Hi, and good to meet you. Thanks for catching the incorrect listings on the list of vegans. Although it would have been nice to see Kellie Pickler there, after she enjoyed eating sal-mon so much on the show. I've been eyeing this page off and on for years, and finally dove in and added the page to the "See also" sections of the entrants. One that has been reverted twice was Brad Pitt, so if you can find a really good source for Pitt being a vegan, one that editors who watch his page would allow, that would be Indian-food worthy. Randy Kryn 17:52 20 June 2014 (UTC)

I am not really sure what purpose this list serves but all I generally do is check that there is a source that confirms that the subject is a vegan and check that they have a WP page, otherwise the list would become a pointless mess. Martin Hogbin (talk) 17:54, 20 June 2014 (UTC)
There should be a lot more people looking at the page now (check the view count) because for a list to reach its potential it has to be linked on the pages of the listed. With this one, being a vegan (and that's really a stupid word for the diet) is often or usually a lifestyle statement, it puts the people involved into a "group" world. Skimming most of the articles of the individuals listed many of them are actually active in the vegan cause in some way. I wish Brad Pitt were, so we could have a really good link, but bloggers can't be choosers. Thanks again. Almost time to eat! Randy Kryn 19:38 20 June 2014 (UTC)

Draft Monty Hall Re-write

There is a draft of a significant re-write of Monty Hall here. I'd appreciate your comments especially as regards WP:NPOV and with an eye to the history of the page. SPACKlick (talk) 14:19, 9 July 2014 (UTC)

I think your version is a serious departure from the format agreed at the very thorough RfC that was held some time ago. have you seen the result of that? Martin Hogbin (talk) 18:42, 9 July 2014 (UTC)
I saw it some time ago, i didn't reference it while doing this draft, do you have a link to it? SPACKlick (talk) 10:17, 10 July 2014 (UTC)
Martin, see here for RFC and here for ArbCom Gerhardvalentin (talk) 14:24, 10 July 2014 (UTC)
Sorry, I do not have a link. The basic principle was to have the simple solutions first with associated material, then to have the more mathematical 'conditional' solutions.
You seem to have dropped some of the vos Savant stuff. This is what made the problem so well known and may be of more interest to our general readers that the minutiae of the mathematics.

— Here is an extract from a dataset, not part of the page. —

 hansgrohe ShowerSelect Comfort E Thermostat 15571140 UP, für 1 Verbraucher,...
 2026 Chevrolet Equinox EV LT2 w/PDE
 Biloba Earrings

I agree that the 'conditional' solutions should be covered, along with other mathematical issues, in a proper fashion but I think the popular stuff should come first.
This article has been the subject of probably the longest content dispute ever in WP and resulted in a Arbcom decision and a very thorough RfC, which was closed by three admins. The argument was essentially about which are the correct/best/complete solutions, the 'simple' ones or the 'conditional' ones. I was, and still am, a supporter of the 'simple' solutions, but I proposed a genuine compromise, which was accepted by the RfC, to have the 'simple' solutions (without disclaimers) with associated material first, then the full 'conditional' solutions. Of course I cannot demand that we stick to that without risking jail page for ownership but changing too much too quickly might upset a delicate equilibrium that has survived for some time.

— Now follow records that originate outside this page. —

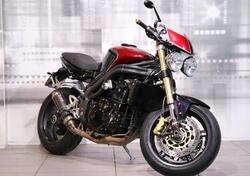 Triumph Speed Triple 1050 (2005 - 11) usata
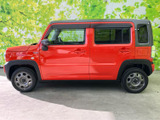 ハスラー ハイブリッド(HYBRID) Gターボ 4WD 
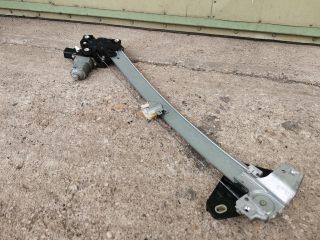 bontott HONDA CIVIC VIII Bal hátsó Ablakemelő Szerkezet (Elektromos)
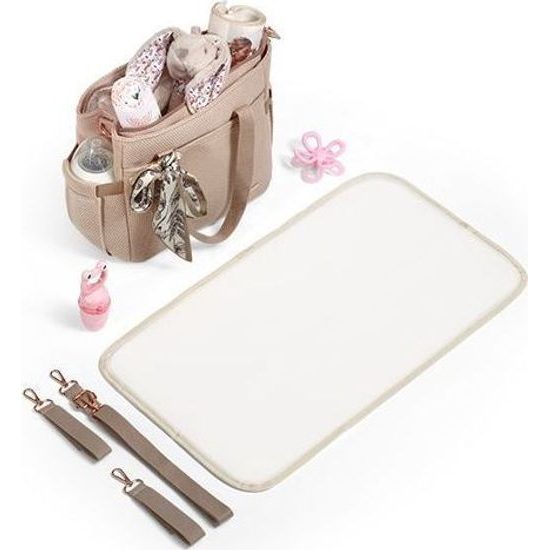 Taška na kočárek Carmen 1571/01 begie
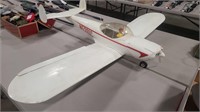 MODEL AIRPLANE 40X62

Part of the problem still is that, as soon as anyone makes a suggestion, it is often assumed that they are just pushing their conditionalist/simplist POV. From that perspective it is good to have you here as someone who has not been involved before. Most important, in my opinion, is to write a great article that is accurate, properly sourced, accessible and interesting to a wide range of readership from the passing non-mathematical general reader to the expert in probability. Martin Hogbin (talk) 11:37, 10 July 2014 (UTC)
As far as Simple v Conditional POV, I feel they both have similar merit dependent on where you stand on the unwritten assumptions. My major issue with the article was that it was a lot of repetition clearly meant to overcome the minute details of disputes between editors.

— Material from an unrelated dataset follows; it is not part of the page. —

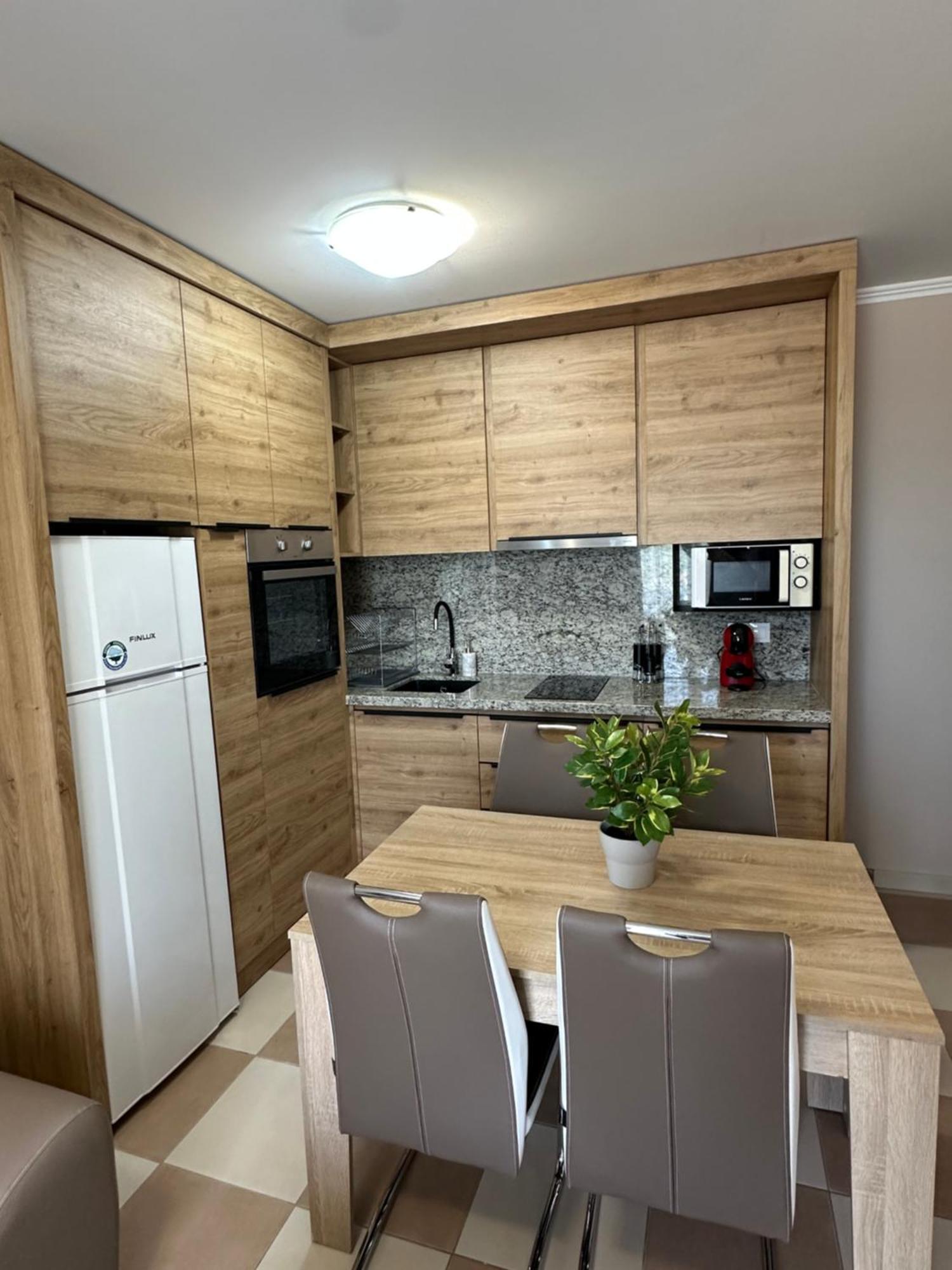 Anvers Apartments Sozopol Exterior photo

I haven't removed much of the Vos Savant stuff, I've just put it into a history section. I personally prefer the history going after the solutions but if it's what general consensus thinks more people are coming to the page for then it could easily be moved further forward. The major aim of this redraft, that I'll put to a wider discussion once it's nearer completion was to get the repetition out and trim what was there to only things which could be sourced or trivially calculated.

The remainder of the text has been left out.